What to work on
Where the listing shows an image, skip it and output all other material unchanged.

Supplied information

BEGIN

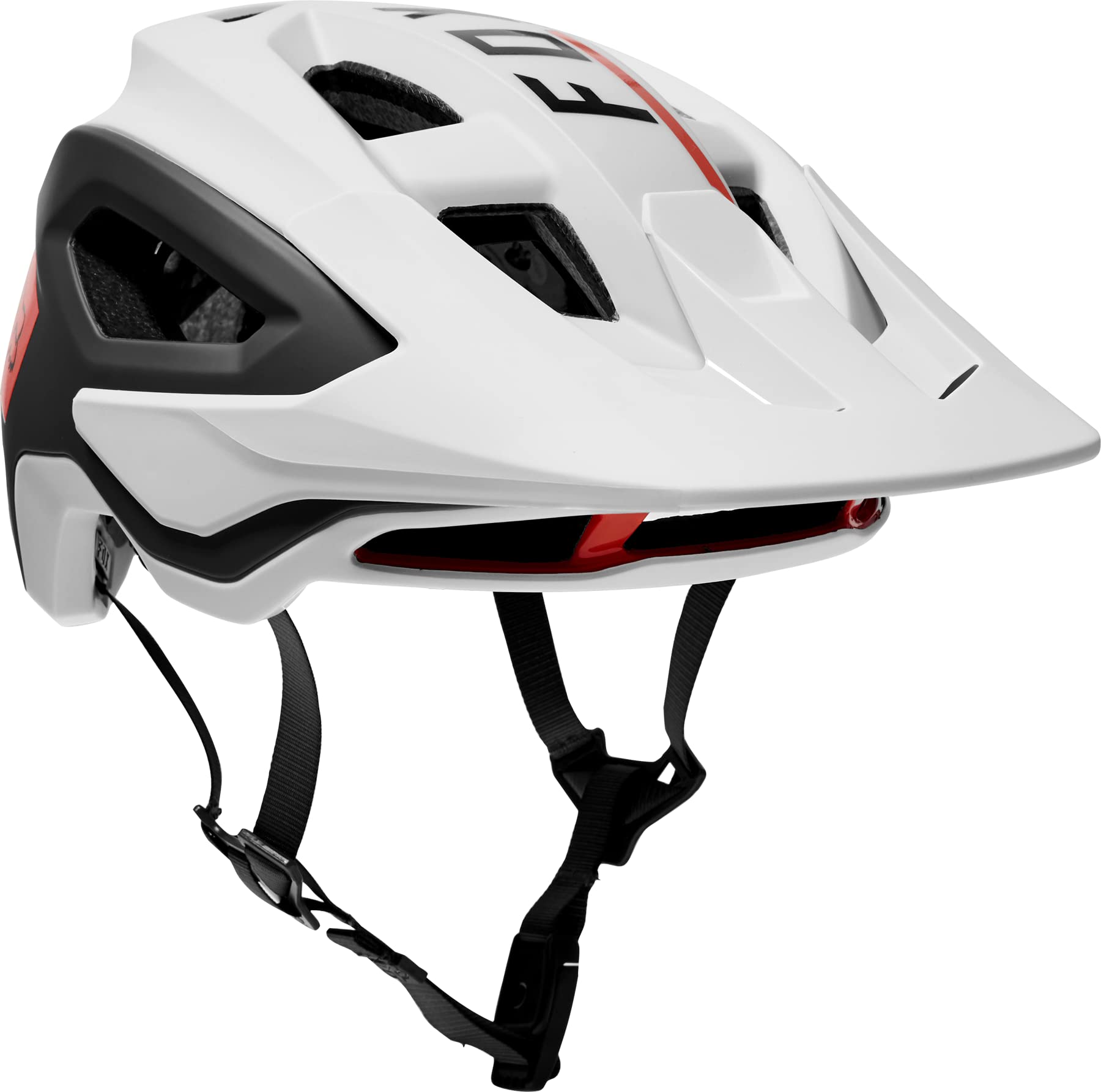 Fox Racing Speedframe Pro Mountain Bike Helmet BLOCKED WhiteBlack Medium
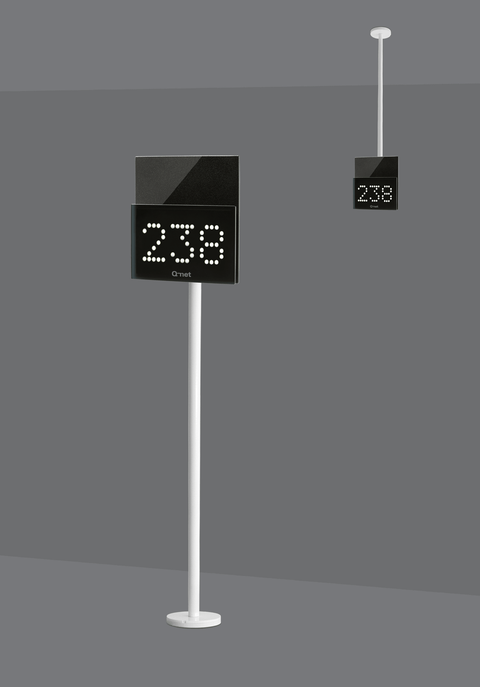 DB11: Display Blade style, 3-digit, 50 mm, dot matrix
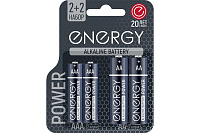 Элемент питания Energy Power LR6+LR03/4B АА+AAA алкалиновые 4шт 107045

END

Response to the exercise
 Fox Racing Speedframe Pro Mountain Bike Helmet BLOCKED WhiteBlack Medium
 DB11: Display Blade style, 3-digit, 50 mm, dot matrix
 Элемент питания Energy Power LR6+LR03/4B АА+AAA алкалиновые 4шт 107045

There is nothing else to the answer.